Thursday, May 21, 2020

The Forgotten People

Canada has made it a point to forget about the Yazidis.

Now, investigators have put together a case against the people who nearly wiped them out:

This was Hajji Abdullah, a religious judge at the time and labeled one of the architects of the militant group’s enslavement of Iraq’s Yazidi religious minority, who rose to become deputy to IS leader Abu Bakr al-Baghdadi. He’s believed to be the late al-Baghdadi’s successor, identified only by the pseudonym Abu Ibrahim al-Hashimi al-Qurayshi.

A group of investigators with the Commission for International Justice and Accountability is amassing evidence, hoping to prosecute IS figures for crimes against humanity, war crimes and genocide -- including Hajji Abdullah.

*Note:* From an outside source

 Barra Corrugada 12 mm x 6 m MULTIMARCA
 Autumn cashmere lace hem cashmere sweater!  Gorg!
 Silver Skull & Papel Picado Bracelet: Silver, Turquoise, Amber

Hajji Abdullah was previously accused of involvement in the slave trade, most notably in a wanted poster circulated by the U.S. setting a $5 million bounty on his head. But his prominence in the creation and oversight of the slave trade has never been spotlighted.

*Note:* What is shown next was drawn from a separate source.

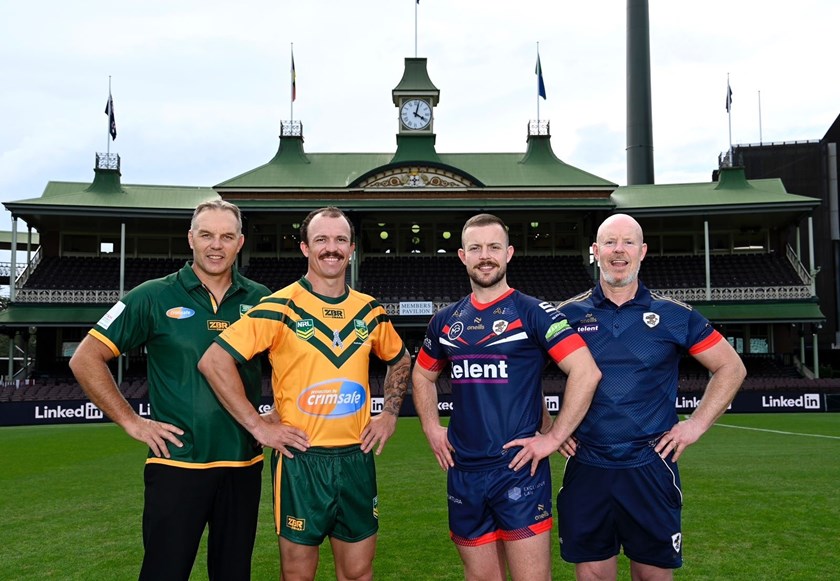 Nick Paterson, Jake Carl, Ben Marsden and Bob Marsden prepare for the Test match.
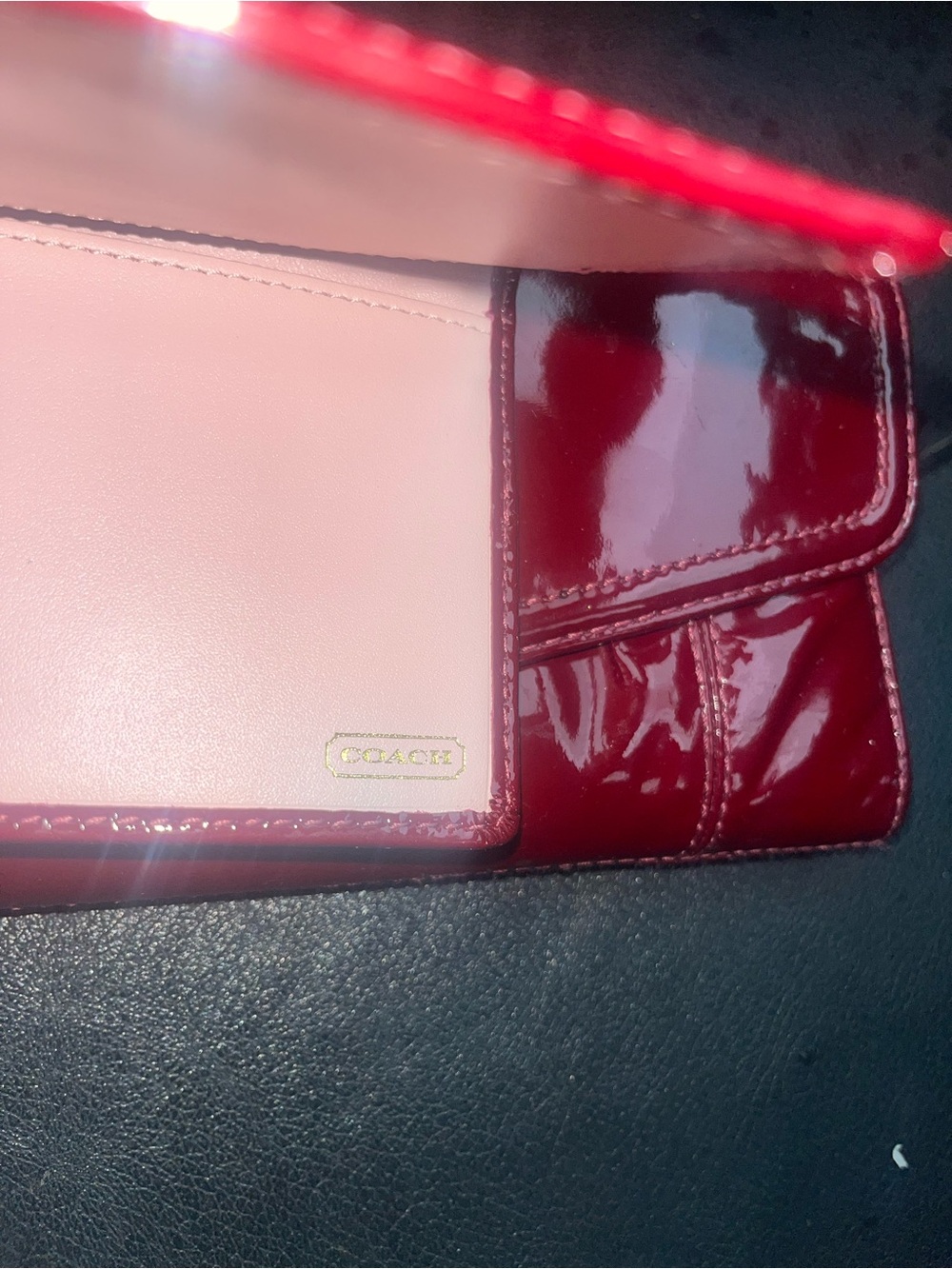 Coach Patent Leather Wallet & checkbook in Deep Burgundy with Gold Logo - Picture 14 of 15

“IS fighters didn’t take it upon themselves to rape these women and girls. There was a carefully executed plan to enslave, sell, and rape Yazidi women presided over by the highest levels of the IS leadership,” said Bill Wiley, executive director and founder of CIJA. “And in doing so, they were going to eradicate the Yazidi group by ensuring there were no more Yazidi children born.”

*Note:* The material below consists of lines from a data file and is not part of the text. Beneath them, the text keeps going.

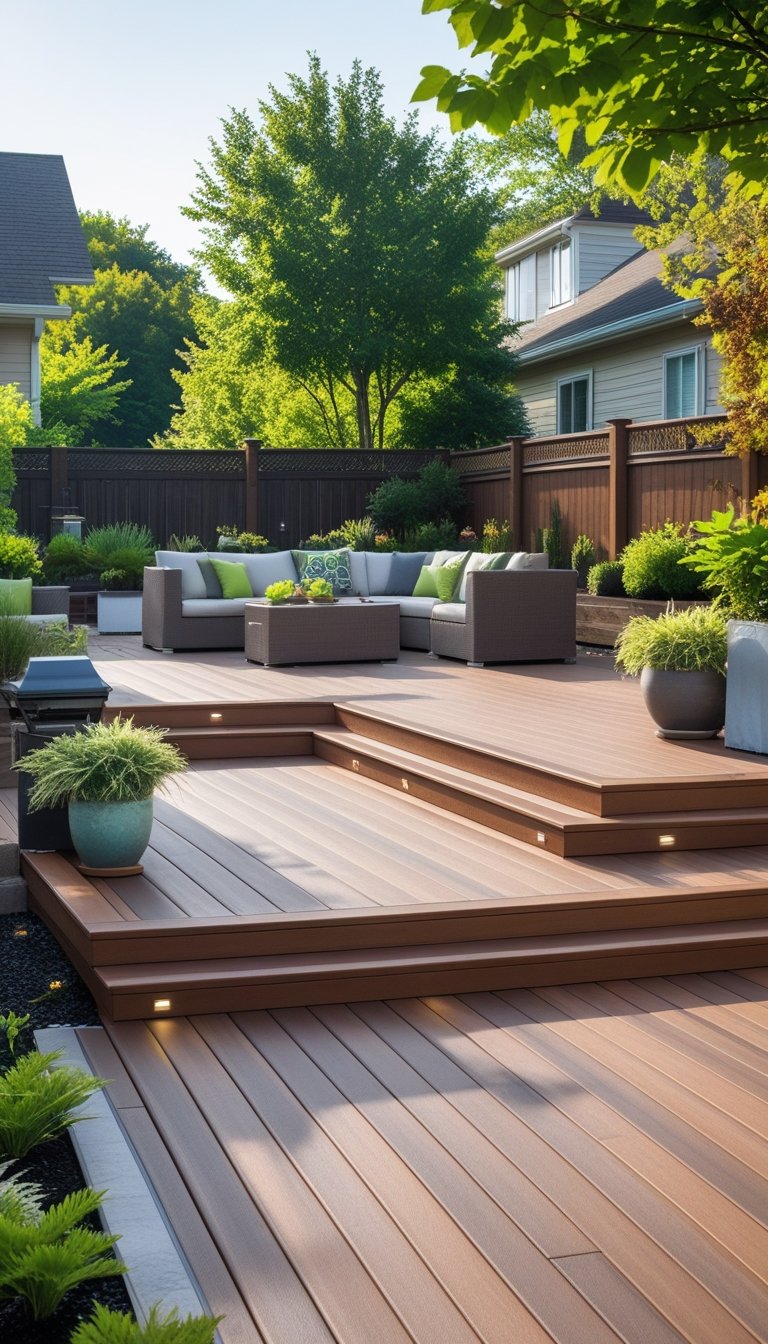 A backyard with a spacious Trex composite deck featuring outdoor furniture, plants, and greenery under a sunny sky.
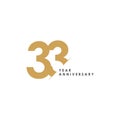 33 Year Anniversary Vector Template Design Illustration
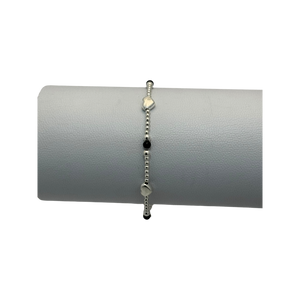 Pulsera semirigida micro balines de 3 corazones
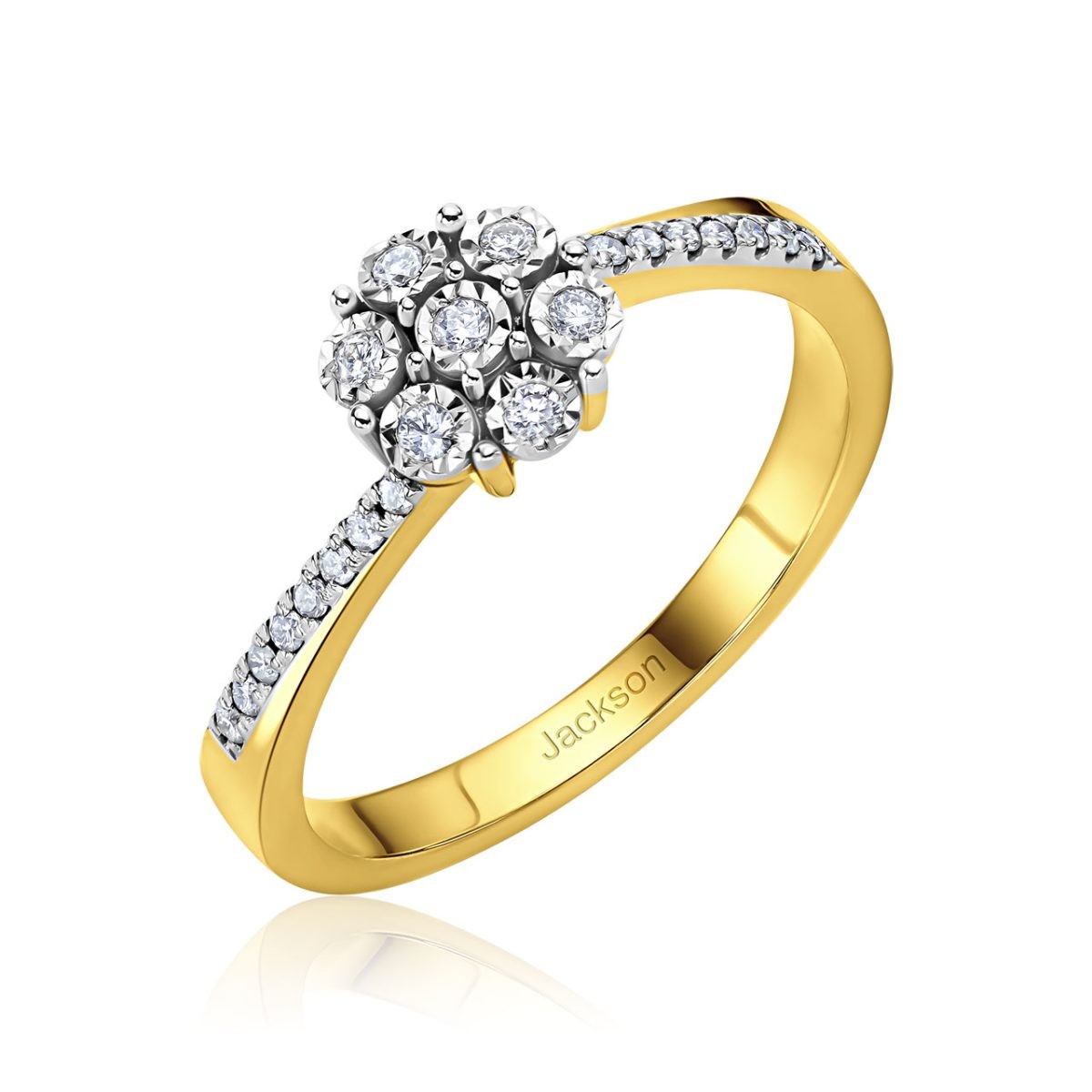 טבעת יהלומים - פרח - זהב צהוב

CIJA shared some of its findings with The Associated Press. The group, through IS documents and interviews with survivors and insiders, identified 49 prominent IS figures who built and managed the slave trade, as well as nearly 170 slave owners, including Western, Asian, African and Arab fighters. These also include top financiers, military commanders, local governors and women traders, many of them from the region neighboring the Yazidi community’s villages.